Het voornaamste onderscheid tussen mensensmokkel en ‘trafficking’ wordt geacht te liggen in de aanname dat mensensmokkel zou eindigen wanneer de persoon (op een illegale manier) de grens van zijn bestemming heeft kunnen oversteken, terwijl ‘trafficking’ zou gaan om een voortdurend netwerk van uitbuiting onder gedwongen rekrutering. Talig, juridisch en empirisch onderzoek heeft uitgewezen dat dit onderscheid echter overtrokken is en dat beide fenomenen vaak hand in hand gaan. Waarin echter wel een duidelijk – en niet toevallig – verschil ligt, is in het genderonderscheid dat gemaakt wordt tussen de twee concepten. Waar het ‘smokkelprotocol’ mannen beschouwt als actieve migranten die niettemin in de handen vallen van kwaadwilligen, focust het traffickingprotocol op prostitutie van vrouwen en kinderen als passieve slachtoffers.

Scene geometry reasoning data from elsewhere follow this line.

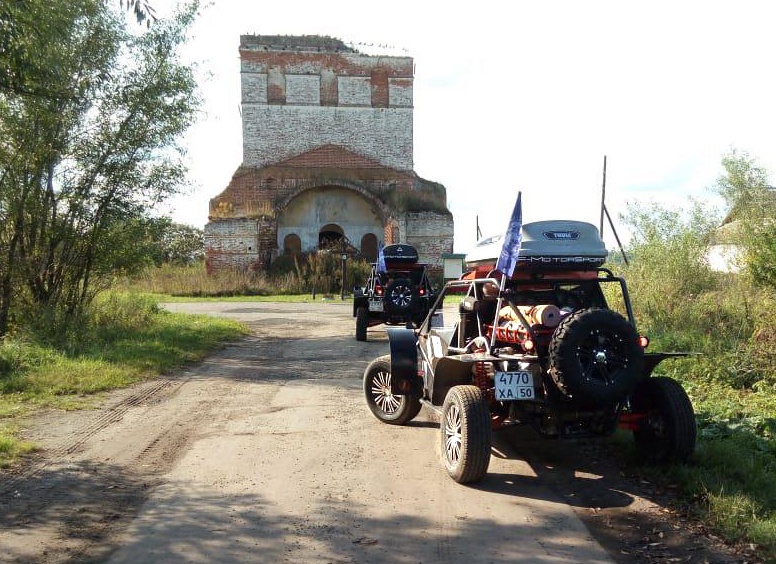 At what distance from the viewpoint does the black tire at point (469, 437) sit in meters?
5.27

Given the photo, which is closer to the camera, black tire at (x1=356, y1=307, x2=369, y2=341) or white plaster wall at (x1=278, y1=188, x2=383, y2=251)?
black tire at (x1=356, y1=307, x2=369, y2=341)

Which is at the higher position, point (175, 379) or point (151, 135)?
point (151, 135)

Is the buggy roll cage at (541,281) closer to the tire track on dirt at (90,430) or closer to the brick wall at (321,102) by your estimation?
the tire track on dirt at (90,430)

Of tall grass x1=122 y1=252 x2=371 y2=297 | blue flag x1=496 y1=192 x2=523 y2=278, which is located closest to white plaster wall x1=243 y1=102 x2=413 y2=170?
tall grass x1=122 y1=252 x2=371 y2=297

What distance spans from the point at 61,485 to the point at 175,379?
17.0 ft

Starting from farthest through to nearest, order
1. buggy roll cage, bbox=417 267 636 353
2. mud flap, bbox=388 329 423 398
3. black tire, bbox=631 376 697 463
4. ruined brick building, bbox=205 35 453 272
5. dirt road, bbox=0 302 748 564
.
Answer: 1. ruined brick building, bbox=205 35 453 272
2. mud flap, bbox=388 329 423 398
3. buggy roll cage, bbox=417 267 636 353
4. black tire, bbox=631 376 697 463
5. dirt road, bbox=0 302 748 564

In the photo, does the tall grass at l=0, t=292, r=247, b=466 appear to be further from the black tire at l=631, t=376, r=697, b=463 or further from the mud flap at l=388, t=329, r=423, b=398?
the black tire at l=631, t=376, r=697, b=463

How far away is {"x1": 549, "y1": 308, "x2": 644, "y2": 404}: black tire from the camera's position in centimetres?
508

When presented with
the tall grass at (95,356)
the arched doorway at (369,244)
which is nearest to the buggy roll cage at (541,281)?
the tall grass at (95,356)

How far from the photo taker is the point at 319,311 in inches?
982

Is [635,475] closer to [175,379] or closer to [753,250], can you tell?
[753,250]

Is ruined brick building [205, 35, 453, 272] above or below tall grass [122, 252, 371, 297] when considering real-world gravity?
above

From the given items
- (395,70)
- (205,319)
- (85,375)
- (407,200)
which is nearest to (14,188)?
(85,375)

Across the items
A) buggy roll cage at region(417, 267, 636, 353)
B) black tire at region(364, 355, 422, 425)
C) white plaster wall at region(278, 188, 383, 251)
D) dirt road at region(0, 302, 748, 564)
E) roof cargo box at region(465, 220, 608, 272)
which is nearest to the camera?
dirt road at region(0, 302, 748, 564)
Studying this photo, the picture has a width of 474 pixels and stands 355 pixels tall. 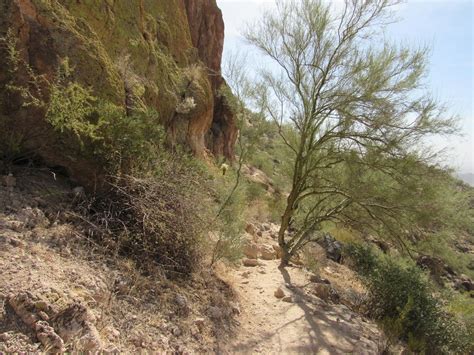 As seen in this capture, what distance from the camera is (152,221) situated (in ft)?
14.7

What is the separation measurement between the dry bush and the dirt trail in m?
1.27

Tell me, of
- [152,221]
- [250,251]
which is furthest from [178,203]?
[250,251]

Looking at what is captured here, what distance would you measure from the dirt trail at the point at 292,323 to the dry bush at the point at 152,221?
50.1 inches

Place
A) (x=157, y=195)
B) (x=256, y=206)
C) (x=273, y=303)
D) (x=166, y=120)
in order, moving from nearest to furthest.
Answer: (x=157, y=195) < (x=273, y=303) < (x=166, y=120) < (x=256, y=206)

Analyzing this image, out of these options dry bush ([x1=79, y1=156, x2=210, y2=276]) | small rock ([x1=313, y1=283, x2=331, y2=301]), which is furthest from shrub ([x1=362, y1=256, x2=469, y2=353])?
dry bush ([x1=79, y1=156, x2=210, y2=276])

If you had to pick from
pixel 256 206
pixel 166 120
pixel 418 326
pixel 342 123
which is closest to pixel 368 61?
pixel 342 123

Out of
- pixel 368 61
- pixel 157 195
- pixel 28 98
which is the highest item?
pixel 368 61

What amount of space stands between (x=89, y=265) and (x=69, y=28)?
3349mm

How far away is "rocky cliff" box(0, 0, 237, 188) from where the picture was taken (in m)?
4.25

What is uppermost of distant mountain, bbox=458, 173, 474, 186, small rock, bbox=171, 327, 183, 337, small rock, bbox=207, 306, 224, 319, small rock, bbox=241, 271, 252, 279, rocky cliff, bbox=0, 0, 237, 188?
distant mountain, bbox=458, 173, 474, 186

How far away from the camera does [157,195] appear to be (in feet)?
15.3

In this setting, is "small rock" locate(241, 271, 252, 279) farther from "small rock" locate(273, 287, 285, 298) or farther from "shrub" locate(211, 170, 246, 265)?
"shrub" locate(211, 170, 246, 265)

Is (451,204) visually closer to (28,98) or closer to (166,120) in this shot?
(166,120)

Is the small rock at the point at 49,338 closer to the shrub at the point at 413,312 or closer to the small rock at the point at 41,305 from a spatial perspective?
the small rock at the point at 41,305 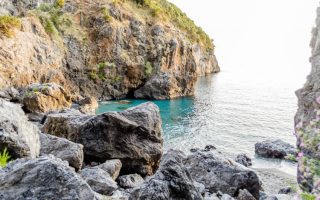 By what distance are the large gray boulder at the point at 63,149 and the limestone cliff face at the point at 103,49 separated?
1772 inches

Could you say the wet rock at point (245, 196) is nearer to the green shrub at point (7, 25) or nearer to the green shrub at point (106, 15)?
the green shrub at point (7, 25)

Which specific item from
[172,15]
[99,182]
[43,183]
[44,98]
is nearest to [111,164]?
[99,182]

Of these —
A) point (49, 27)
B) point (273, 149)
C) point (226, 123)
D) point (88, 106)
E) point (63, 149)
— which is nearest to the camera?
point (63, 149)

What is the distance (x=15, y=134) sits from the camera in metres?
11.0

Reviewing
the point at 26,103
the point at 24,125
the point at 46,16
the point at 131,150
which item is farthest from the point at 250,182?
the point at 46,16

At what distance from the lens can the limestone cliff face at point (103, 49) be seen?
65125mm

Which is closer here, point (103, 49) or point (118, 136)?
point (118, 136)

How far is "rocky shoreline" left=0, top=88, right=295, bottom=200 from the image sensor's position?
6.55 metres

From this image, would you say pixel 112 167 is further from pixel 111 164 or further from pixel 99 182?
pixel 99 182

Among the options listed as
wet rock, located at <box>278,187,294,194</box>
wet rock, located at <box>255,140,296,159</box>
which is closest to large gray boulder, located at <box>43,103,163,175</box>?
wet rock, located at <box>278,187,294,194</box>

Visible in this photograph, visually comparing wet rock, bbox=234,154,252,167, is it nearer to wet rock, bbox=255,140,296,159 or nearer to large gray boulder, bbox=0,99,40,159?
wet rock, bbox=255,140,296,159

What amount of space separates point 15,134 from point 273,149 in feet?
100

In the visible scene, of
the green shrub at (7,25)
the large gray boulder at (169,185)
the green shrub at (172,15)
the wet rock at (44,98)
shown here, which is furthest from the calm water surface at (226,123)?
the green shrub at (172,15)

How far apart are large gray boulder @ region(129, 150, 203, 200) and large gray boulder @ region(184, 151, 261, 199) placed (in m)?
10.6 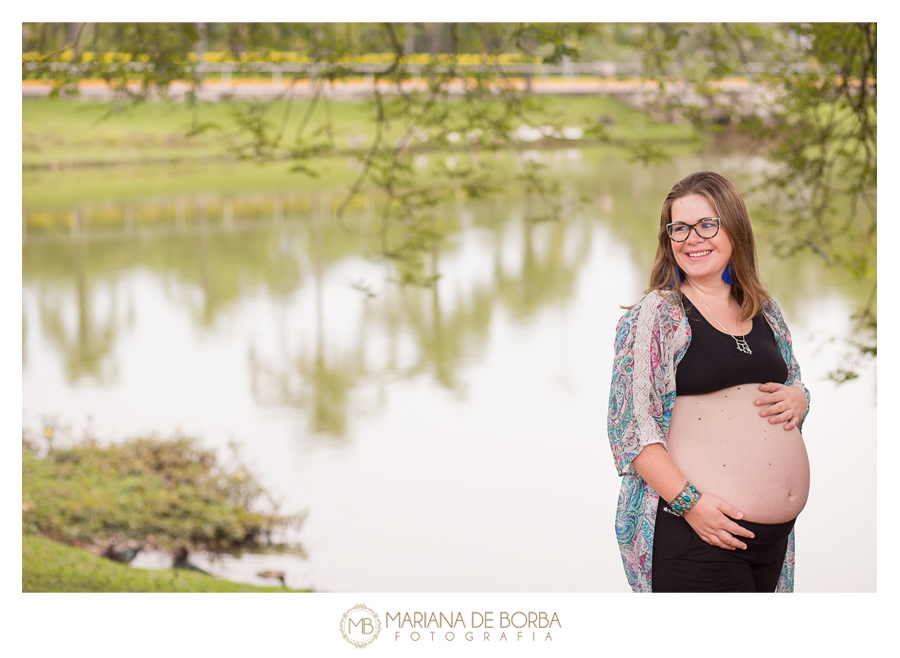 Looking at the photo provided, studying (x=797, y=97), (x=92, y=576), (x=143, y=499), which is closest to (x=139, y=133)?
(x=143, y=499)

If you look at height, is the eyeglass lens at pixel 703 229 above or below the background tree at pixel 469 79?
below

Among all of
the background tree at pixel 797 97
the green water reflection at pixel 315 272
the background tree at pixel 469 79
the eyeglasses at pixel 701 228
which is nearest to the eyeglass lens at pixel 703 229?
the eyeglasses at pixel 701 228

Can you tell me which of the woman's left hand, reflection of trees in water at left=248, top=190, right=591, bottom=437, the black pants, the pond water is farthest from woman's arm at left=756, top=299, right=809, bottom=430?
reflection of trees in water at left=248, top=190, right=591, bottom=437

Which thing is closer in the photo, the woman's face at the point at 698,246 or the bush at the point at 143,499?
the woman's face at the point at 698,246

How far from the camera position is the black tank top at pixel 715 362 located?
1.59m

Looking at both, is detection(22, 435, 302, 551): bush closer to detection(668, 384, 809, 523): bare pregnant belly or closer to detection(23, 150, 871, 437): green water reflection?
detection(23, 150, 871, 437): green water reflection

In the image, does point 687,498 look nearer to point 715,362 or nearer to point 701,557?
point 701,557

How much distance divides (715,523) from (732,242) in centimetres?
52

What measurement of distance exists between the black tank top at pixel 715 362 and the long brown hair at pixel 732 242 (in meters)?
0.07

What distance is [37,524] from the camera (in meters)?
4.44

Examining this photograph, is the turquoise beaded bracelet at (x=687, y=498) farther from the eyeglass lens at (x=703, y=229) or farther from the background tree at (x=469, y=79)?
the background tree at (x=469, y=79) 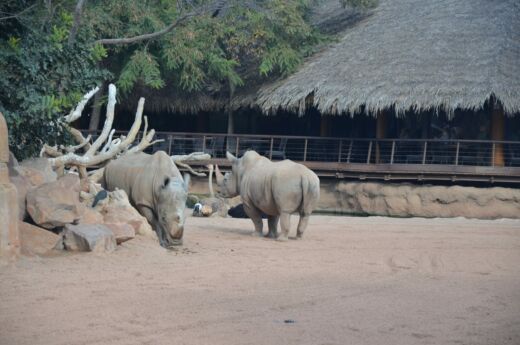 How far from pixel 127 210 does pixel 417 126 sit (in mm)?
14065

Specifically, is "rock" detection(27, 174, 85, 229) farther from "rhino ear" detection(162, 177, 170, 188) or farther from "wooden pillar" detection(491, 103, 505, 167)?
"wooden pillar" detection(491, 103, 505, 167)

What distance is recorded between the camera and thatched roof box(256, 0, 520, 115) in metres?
21.8

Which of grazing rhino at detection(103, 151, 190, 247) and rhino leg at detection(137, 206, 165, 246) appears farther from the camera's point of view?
rhino leg at detection(137, 206, 165, 246)

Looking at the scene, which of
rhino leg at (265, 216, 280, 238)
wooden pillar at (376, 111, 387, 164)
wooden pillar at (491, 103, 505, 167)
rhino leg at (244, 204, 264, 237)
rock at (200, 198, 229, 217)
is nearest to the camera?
rhino leg at (265, 216, 280, 238)

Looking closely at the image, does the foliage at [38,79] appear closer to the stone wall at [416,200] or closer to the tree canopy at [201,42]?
the tree canopy at [201,42]

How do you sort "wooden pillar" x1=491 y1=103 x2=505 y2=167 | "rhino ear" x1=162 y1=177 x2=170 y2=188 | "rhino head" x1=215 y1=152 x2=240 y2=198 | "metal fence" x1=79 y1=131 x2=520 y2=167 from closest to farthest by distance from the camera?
"rhino ear" x1=162 y1=177 x2=170 y2=188
"rhino head" x1=215 y1=152 x2=240 y2=198
"wooden pillar" x1=491 y1=103 x2=505 y2=167
"metal fence" x1=79 y1=131 x2=520 y2=167

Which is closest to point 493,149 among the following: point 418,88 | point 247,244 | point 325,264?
point 418,88

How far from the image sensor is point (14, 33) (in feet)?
36.8

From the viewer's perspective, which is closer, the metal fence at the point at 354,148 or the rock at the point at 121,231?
the rock at the point at 121,231

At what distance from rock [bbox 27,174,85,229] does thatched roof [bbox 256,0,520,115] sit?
12699 mm

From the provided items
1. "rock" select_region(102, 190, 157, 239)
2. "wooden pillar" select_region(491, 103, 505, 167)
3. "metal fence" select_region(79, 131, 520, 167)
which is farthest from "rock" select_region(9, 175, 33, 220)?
"wooden pillar" select_region(491, 103, 505, 167)

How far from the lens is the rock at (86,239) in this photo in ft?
33.3

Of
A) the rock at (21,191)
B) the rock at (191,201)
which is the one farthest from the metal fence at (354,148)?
the rock at (21,191)

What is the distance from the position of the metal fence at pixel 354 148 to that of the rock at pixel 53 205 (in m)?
13.0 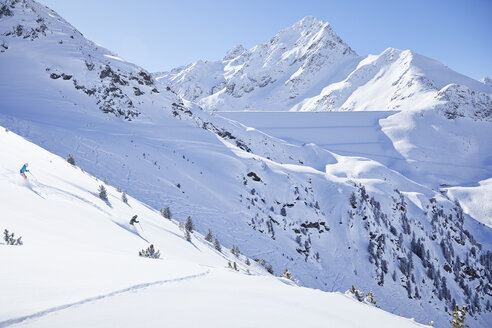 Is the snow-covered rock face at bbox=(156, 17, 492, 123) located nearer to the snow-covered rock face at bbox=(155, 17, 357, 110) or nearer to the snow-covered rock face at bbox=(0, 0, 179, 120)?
the snow-covered rock face at bbox=(155, 17, 357, 110)

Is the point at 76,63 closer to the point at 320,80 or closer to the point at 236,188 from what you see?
the point at 236,188

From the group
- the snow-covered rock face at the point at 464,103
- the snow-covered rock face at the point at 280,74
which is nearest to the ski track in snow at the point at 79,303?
the snow-covered rock face at the point at 464,103

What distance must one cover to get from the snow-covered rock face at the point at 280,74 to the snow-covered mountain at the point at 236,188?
101m

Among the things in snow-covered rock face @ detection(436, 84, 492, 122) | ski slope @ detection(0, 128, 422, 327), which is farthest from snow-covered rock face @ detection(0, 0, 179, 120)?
snow-covered rock face @ detection(436, 84, 492, 122)

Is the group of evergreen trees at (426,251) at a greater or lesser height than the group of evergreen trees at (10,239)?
lesser

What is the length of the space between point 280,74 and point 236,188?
145 m

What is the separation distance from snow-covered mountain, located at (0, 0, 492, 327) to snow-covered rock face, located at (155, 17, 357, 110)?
332 ft

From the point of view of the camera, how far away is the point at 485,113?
64438mm

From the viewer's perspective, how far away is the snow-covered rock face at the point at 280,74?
136 meters

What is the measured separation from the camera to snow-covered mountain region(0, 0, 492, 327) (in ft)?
58.5

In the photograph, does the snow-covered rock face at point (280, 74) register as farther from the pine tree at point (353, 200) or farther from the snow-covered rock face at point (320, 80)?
the pine tree at point (353, 200)

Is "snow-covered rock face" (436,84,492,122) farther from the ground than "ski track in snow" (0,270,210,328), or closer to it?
farther from the ground

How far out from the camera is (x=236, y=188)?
71.5 ft

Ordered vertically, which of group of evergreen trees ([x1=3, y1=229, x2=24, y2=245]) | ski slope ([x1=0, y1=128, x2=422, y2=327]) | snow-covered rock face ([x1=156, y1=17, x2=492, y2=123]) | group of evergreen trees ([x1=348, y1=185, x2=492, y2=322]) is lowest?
group of evergreen trees ([x1=348, y1=185, x2=492, y2=322]) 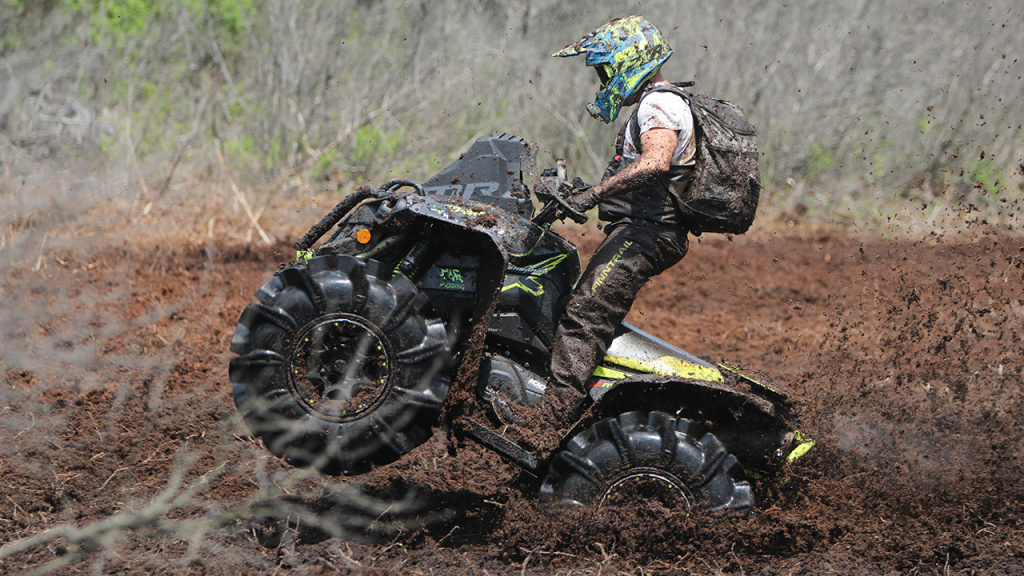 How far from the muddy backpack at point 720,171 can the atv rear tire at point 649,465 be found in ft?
3.48

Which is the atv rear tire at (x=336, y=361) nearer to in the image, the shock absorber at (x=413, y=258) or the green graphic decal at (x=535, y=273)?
the shock absorber at (x=413, y=258)

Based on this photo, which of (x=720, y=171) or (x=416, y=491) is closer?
(x=720, y=171)

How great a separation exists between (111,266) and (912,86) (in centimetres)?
1264

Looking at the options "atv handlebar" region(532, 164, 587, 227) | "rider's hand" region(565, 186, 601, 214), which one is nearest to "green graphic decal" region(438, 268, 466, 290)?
"atv handlebar" region(532, 164, 587, 227)

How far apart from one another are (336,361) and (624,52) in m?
2.14

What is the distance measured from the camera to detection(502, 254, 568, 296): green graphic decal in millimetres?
4559

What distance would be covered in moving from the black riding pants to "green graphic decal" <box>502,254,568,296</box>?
214 millimetres

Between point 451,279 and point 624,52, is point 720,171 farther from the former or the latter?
point 451,279

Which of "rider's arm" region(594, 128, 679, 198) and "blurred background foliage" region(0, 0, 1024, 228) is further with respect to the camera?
"blurred background foliage" region(0, 0, 1024, 228)

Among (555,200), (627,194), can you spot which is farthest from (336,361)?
(627,194)

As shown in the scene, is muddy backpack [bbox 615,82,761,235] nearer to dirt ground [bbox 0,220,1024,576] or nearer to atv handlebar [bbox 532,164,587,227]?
atv handlebar [bbox 532,164,587,227]

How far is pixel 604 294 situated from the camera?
4.38 m

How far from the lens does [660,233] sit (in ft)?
14.6

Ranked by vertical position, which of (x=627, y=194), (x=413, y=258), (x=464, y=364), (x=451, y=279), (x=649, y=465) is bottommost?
(x=649, y=465) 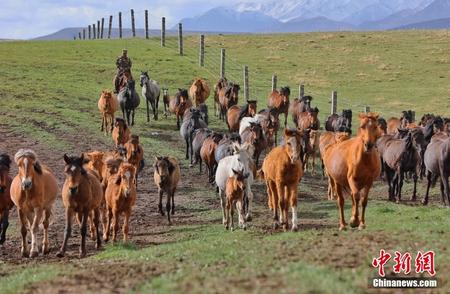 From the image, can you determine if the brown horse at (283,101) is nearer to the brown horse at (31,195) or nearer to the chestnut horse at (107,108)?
the chestnut horse at (107,108)

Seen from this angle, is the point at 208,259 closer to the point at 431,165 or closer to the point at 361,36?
the point at 431,165

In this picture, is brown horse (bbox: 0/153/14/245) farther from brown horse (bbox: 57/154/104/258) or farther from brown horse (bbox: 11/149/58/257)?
brown horse (bbox: 57/154/104/258)

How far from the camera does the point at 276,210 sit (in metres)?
15.4

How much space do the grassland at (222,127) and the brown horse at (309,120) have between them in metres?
4.65

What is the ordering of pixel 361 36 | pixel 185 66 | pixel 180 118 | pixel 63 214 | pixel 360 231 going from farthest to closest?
pixel 361 36, pixel 185 66, pixel 180 118, pixel 63 214, pixel 360 231

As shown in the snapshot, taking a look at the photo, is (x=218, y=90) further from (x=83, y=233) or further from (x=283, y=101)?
(x=83, y=233)

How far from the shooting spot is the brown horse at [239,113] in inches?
1114

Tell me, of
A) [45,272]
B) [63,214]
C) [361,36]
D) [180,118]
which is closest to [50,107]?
[180,118]

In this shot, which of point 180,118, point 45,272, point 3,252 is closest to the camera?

In combinatie met de klemtoon op prostitutie wordt het traffickingprotocol daarom beschouwd als een anti-prostitutiemaatregel die door abolitionistische staten kan worden aangegrepen om prostitutie te criminaliseren. Praktijken in onder andere Madrid, Bangladesh en de Verenigde Staten illustreren hoe prostituees geïntimideerd worden door politiemachten in het licht van pogingen om sekstrafficking te bestrijden. Vooral migranten die seks verkopen worden geviseerd. Het protocol wordt daarom ook beschreven als een anti-migratiemaatregel bedoeld om vrouwelijke sekswerkers uit derdewereldlanden buiten de grenzen te houden. 

Oranje en wit is het nieuwe zwart

‘Trafficking’ – of mensenhandel – gelijkschakelen met ‘migratie’ leidde zo tot naïeve pogingen om migratie te ontmoedigen. Ontmoediging van migratie werkt echter traffickingpraktijken in de hand waardoor slachtoffers verder verstrikt raken in steeds onzichtbaarder wordende vormen van misbruik. De groter wordende groep mensen die willen migreren, botsen aldus op restrictievere legale migratiemogelijkheden, vaak met illegale uitwegen als enige alternatief. De conceptuele ambiguïteit laat zo een inwisselbaar gebruik van ‘mensenhandel’, ‘migratie’ en ‘prostitutie’ toe, met de mogelijkheid om de politieke belangen van anti-traffickingmaatregelen te maskeren. Kortom, woorden hebben belangengebonden betekenissen, en deze betekenissen hebben gevolgen. Laat het onderwijl vertrouwde oranje en wit daarvan de symbolische herinnering zijn.